**SUPPLIED RECORDS:**
########
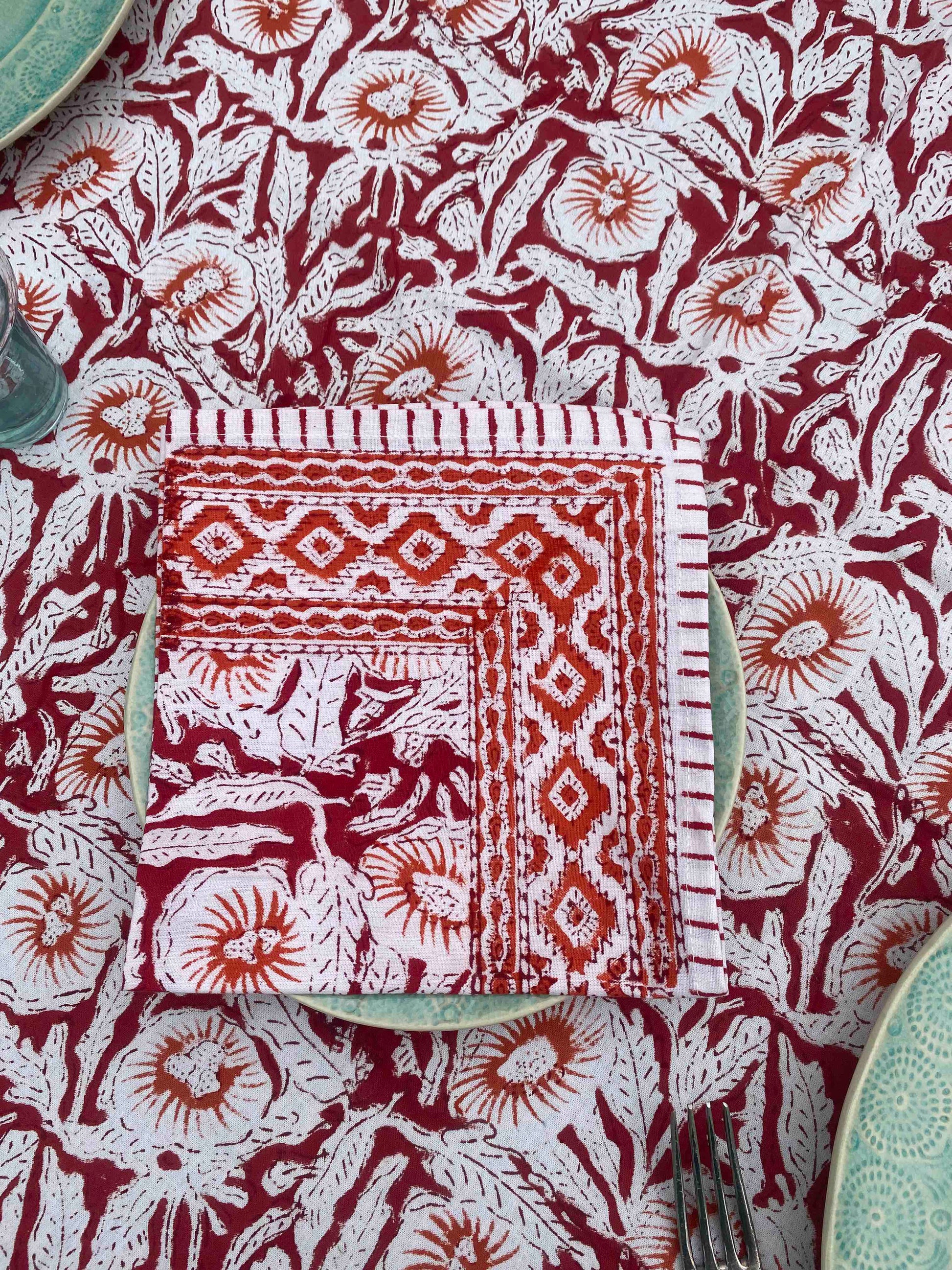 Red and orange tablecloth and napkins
########
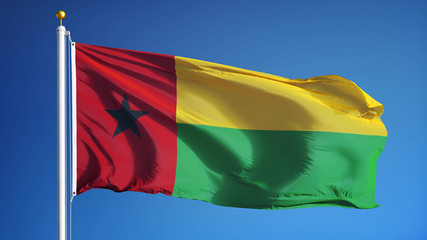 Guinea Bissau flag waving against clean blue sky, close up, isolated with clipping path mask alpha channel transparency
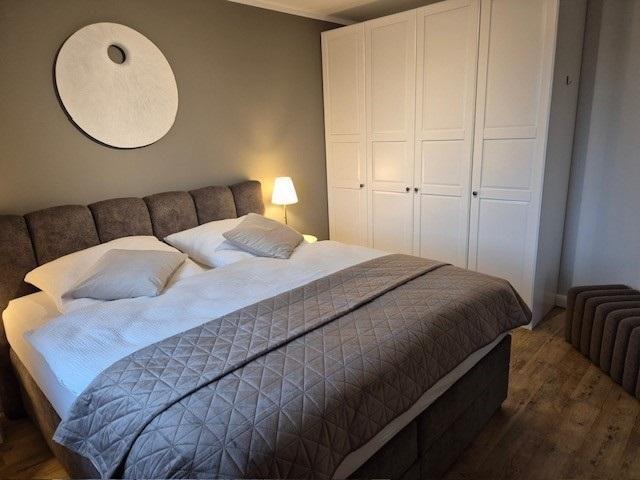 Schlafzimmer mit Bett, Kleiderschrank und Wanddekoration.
########
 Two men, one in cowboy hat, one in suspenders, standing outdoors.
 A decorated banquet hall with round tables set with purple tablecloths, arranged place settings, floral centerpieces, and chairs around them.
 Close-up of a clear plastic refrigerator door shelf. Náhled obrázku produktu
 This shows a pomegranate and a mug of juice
########
**WORK TO COMPLETE:** Please write out, exactly as they appear above, only the lines in the stretch from the line with "Close-up of a" through the line with "This shows a pomegranate and a mug of juice".

**RESPONSE TO THE TASK:**
 Close-up of a clear plastic refrigerator door shelf. Náhled obrázku produktu
 This shows a pomegranate and a mug of juice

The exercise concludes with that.